Tuesday, June 24

A little scare

Elli scared her mom and dad pretty bad yesterday. What started out as a simple rash in the morning, slowly spread to her whole body and took over her face.
It may seem like no big deal, but since I know what it's like to have an allergy and feel your throat closing up I was petrified. I didn't know I could get to the ER that fast from our house. 
God was really watching out for our baby and sent me a precious friend that suggested I check on elli, during her nap, just to be safe. I've never been so grateful for a piece of friendly advice before! This is what I saw when I went to check on her:I immediately woke her up and started packing to go.
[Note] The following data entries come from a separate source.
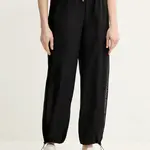 Kalhoty Liu Jo dámské, černá barva, široké, high waist, TA5074 T2900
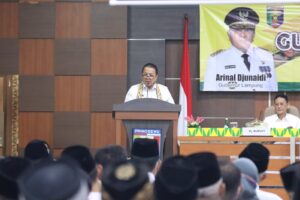Gubernur Arinal Minta Pemkab Perkuat koordinasi TPID dan Satgas Ketahanan Pangan, Terapkan Strategi 4-K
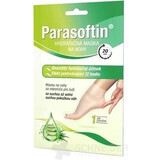 PARASOFTIN maschera idratante per i piedi 1×1 pz, maschera idratante per i piedi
Thankfully the same friend was over and watched the kids so I could just take her and go. I'm so thankful we got to the doctor when we did. The whole way there she just listlessly laid in her car seat and scratched at her throat. when we saw the doc he said her breathing was fine, but she had hives on her tongue and throat, so the outcome could have been different. Praise God, that about 10 minutes after she was given medicine she was back to her spunky self and the swelling was starting to go down. By the time we picked up the prescriptions and got home her face was back to it's normal color and she was totally working the system for more Popsicles and a cookie. :) I was just happy to see her being spunky and looking less puffy, so she got Popsicles and a cookie! :) I have friends battling way bigger problems, with their kiddos and I know this is a simple and easy to fix problem, but Korey and I both went to bed thanking God that our baby was ok and praising Him for sending a friend our way that day. 
It does my heart good to see her looking cute and a lot less puffy this morning!

It was so precious to see the bond of my little twinnies yesterday- the first one elli asked for was Macy and leanne was amazed at how different Macy acted without elli and how she kept talking about her. There's just something sweet about their relationship. Makes me even more grateful that we don't have to raise one without the other- breaks my heart to think about it.

Saturday, June 21

time marches on...




3 years ago our precious twins were a mere thought in our minds...something we stressed about, prayed about and begged God to take care of. And today- they are wild, crazy adventurous and totally not willing to take life sitting down! They may have taken their sweet time coming into the world, but they have been ready to play keep up since then. Yesterday, they hit a big milestone- they each got their own little bike! I CAN NOT BELIEVE IT!
honestly...make life stand still for just a minute or two, God. These girls are getting so big, so fast and I can hardly handle it! You should see Macy race around on her little bike. She acts like she's been riding her whole life- she's a complete natural. Elli struggles a bit more, but she's pretty good at it, too! Last summer I felt like I was marveling at how well Jack was riding his bike and the summer before Hailey was just learning how to peddle around...now Hailey is on two wheels, Jack is an old pro and my babies are keeping up!
two days ago both of the twins decided they wanted to ride bikes and fought over the one we had every waking moment...to the point that Macy fell and put her front teeth through the top of her lip, had blood pouring out of her mouth and still wanted to get back and ride!! Crazy kid! After that we went and searched on craigslist for the first available bike. thankfully it's pink and purple...unfortunately it has the loudest most annoying horn EVER known to man. It may go missing one of these days ;)
our little biker gang- getting ready to hit the open road...aka...the driveway ;)

Friday, June 20

More kitties?!


We brought home two adorable new kitties! Trucky and Minnie Mouse are their names :) both girls! 
Korey accuses me of being a sucker...and leaving out Macy, and I will say that I'm a huge sucker :) but, Macy had her heart set on getting a pink kitty and since they didn't have one I wasn't about to make her pick one if she didn't want to! :) and...honestly hailey and jack are most excited about the kitties- Macy and elli are still a bit apprehensive- after getting clawed a time or two!
I'm just praying my little heart out that they don't go missing on us...I'm not sure I can handle another round of little boy tears over his kitty!!

Sunday, June 15

A great dad!





It's really no surprise that the man I married is a great Dad.
One of the reasons I married him was because he was so good with kids and wanted to have a big family.
What's surprising, though, is just how great of a Dad he's become! Before we had kids I may have had some ideas of what  great Dad is, but seeing a great Dad in action, every single day, has given me a bit of a better idea of all that goes into being a great Dad!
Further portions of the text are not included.